**WORK TO COMPLETE:** Work through the entries below and show every line in which "Picture" is found.

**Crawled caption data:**
================================

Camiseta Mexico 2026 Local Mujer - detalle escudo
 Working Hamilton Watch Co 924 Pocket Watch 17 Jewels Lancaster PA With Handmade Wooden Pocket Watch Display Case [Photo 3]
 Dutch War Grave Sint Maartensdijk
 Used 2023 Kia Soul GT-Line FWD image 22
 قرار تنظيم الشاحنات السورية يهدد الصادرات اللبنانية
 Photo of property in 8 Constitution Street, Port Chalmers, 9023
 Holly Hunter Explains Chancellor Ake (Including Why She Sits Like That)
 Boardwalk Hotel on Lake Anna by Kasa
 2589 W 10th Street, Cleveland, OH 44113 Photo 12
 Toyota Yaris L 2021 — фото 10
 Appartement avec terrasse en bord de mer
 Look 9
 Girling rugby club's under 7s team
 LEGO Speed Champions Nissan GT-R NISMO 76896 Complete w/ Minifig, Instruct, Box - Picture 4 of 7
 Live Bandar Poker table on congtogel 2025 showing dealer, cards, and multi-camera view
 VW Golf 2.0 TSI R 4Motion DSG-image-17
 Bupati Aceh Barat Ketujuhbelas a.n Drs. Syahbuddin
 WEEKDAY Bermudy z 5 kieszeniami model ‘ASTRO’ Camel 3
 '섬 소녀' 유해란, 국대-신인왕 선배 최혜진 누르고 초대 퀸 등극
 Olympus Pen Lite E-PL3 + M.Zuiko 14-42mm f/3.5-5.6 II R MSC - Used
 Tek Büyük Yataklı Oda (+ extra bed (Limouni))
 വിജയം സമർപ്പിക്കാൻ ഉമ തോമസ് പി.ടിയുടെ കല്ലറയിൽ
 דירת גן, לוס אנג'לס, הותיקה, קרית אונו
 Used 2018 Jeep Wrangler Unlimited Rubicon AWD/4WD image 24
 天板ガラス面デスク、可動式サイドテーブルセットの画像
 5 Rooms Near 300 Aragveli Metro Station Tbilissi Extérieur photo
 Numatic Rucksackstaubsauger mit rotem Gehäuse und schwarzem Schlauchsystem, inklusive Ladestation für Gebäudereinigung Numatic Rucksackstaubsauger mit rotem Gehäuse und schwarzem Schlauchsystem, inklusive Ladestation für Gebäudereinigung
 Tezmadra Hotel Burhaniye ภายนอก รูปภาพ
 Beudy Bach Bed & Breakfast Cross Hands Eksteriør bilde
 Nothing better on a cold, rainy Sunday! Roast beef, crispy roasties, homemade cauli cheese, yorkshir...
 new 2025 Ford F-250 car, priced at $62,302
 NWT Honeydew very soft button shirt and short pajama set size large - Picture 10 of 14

================================

**SOLUTION TO THE EXERCISE:**
 LEGO Speed Champions Nissan GT-R NISMO 76896 Complete w/ Minifig, Instruct, Box - Picture 4 of 7
 NWT Honeydew very soft button shirt and short pajama set size large - Picture 10 of 14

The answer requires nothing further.